=== DESCRIPTION OF THE TASK ===
Give back the whole listing verbatim, printing none of its pictures.

=== INPUT DATA ===
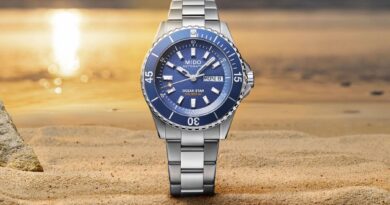 Mido Ocean Star 200 нового поколения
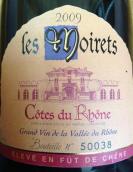 奧杰莫里特紅葡萄酒(Ogier Les Moirets, Cotes du Rhone, France)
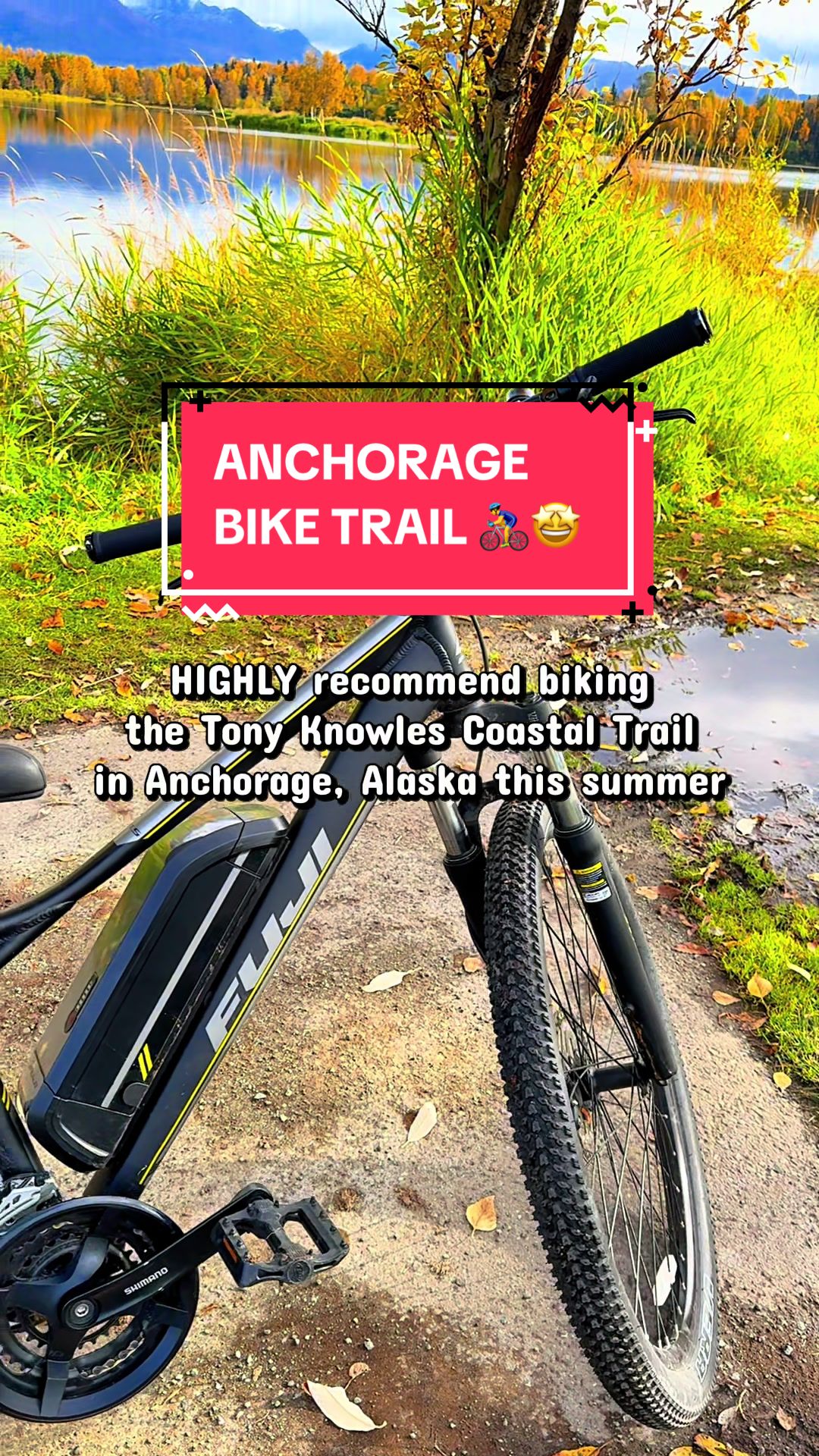 Tony Knowles Coastal Trail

=== REPLY ===
 Mido Ocean Star 200 нового поколения
 奧杰莫里特紅葡萄酒(Ogier Les Moirets, Cotes du Rhone, France)
 Tony Knowles Coastal Trail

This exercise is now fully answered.